Monday, February 27, 2012

Impressions: Shards of Honour by Lois McMaster Bujold

Cordelia Naismith is enjoying a baptism of fire. Her first mission is to captain a throwaway warship of the Betan Expeditionary Force on a mission to destroy an entire enemy armada. Discovering deception within deception, treachery within treachery, she is forced into an uneasy peace with her nemesis: Lord Aral Vorkosigan. Discovering that astrocartography is not the soundest training for a military leader, Cordelia rapidly finds herself the prisoner of the Barrayaran Captain Aral Vorkosigan, also known as 'The Butcher of Komarr'. But the notorious captain is not quite the beast Cordelia was expecting and a grudging respect develops between the two of them. As captor and prisoner on an abandoned outpost planet, the honourable captain and the resolute scientist must rely on each others' trust to survive a trek across dangerous terrain, thus sparking a relationship that shares the struggles of culture and politics between their worlds.
I finally began reading the Vorkosigan science fiction saga by Lois McMaster Bujold. Although I understand that Miles, their son, is the main character throughout the rest of the series, I decided to begin at the beginning by reading Cordelia Naismith and Aral Vorkosigan's story. I figured the backstory would help me understand Miles' character better later on. I think it was a good move.

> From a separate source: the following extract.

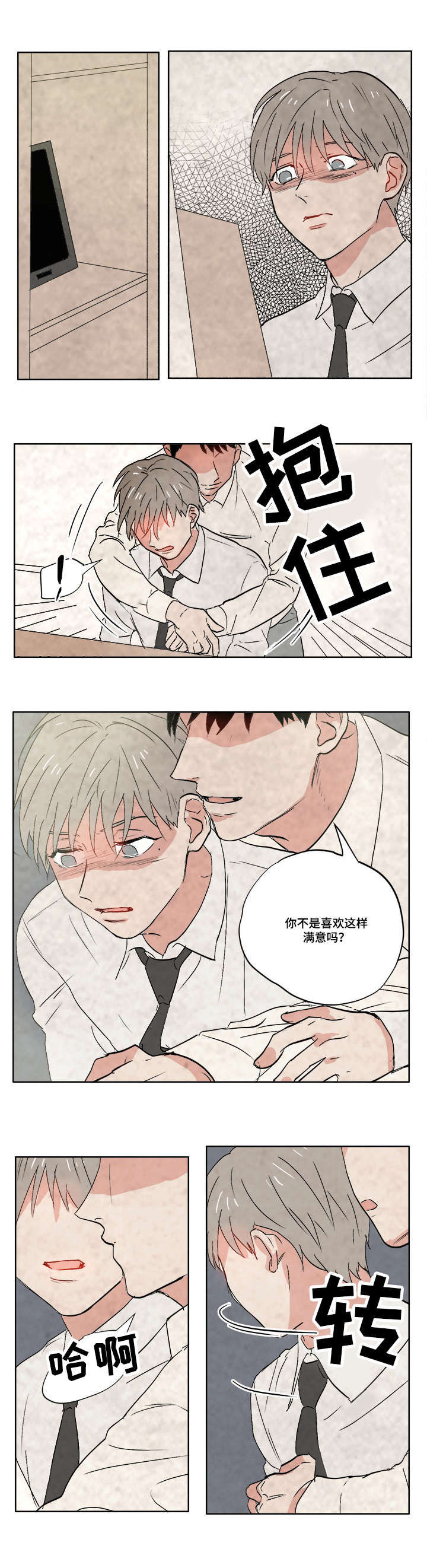 一个胆小怕高的人怎么克服漫画,第5章：变态狂5图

As the first full-length novel in the series Shards of Honour is key. It serves two purposes: one is to give the readers of this series Miles' family history from both sides, and the other is to introduce the complex political, military and cultural differences between the Barrayaran and the worlds they war against, the Betan included.

Bujold uses the slow developing and low-key romance between Cordelia and Aral to build her world through exchanges of information and conversations between the two main characters. They first meet as enemies, but slowly the need to fight for survival in an alien planet brings them together and Cordelia and Aral form a bond of trust through honor and finally affection.

Honor and valor are also key to this story. It is what drives Aral and what he finds in Cordelia -- that, plus strength and will. Cordelia is not only Aral's ideal of a warrior's wife, but everything he himself would like to be as a warrior. Yet, she is not a warrior but a scientist. Aral is a man of honor through and through, but he is also a military strategist and in his heart, a politician. As such, he must make tough decisions that bruise his sense of self. Cordelia understands him and soothes his soul.

Barrayar's politics are quite complex in this story, and what begins as an attack on Cordelia's scientific party in an alien planet balloons into a disproportionate situation that places more than just a few people in danger. There are betrayals behind betrayals, secrets, and massive amounts of people die or are tortured, planets go to war and in the end Bujold leaves the reader with gray areas as to where responsibilities really lie for the loses and slaughter, and even Cordelia must make a tough choice between her own world and Aral's.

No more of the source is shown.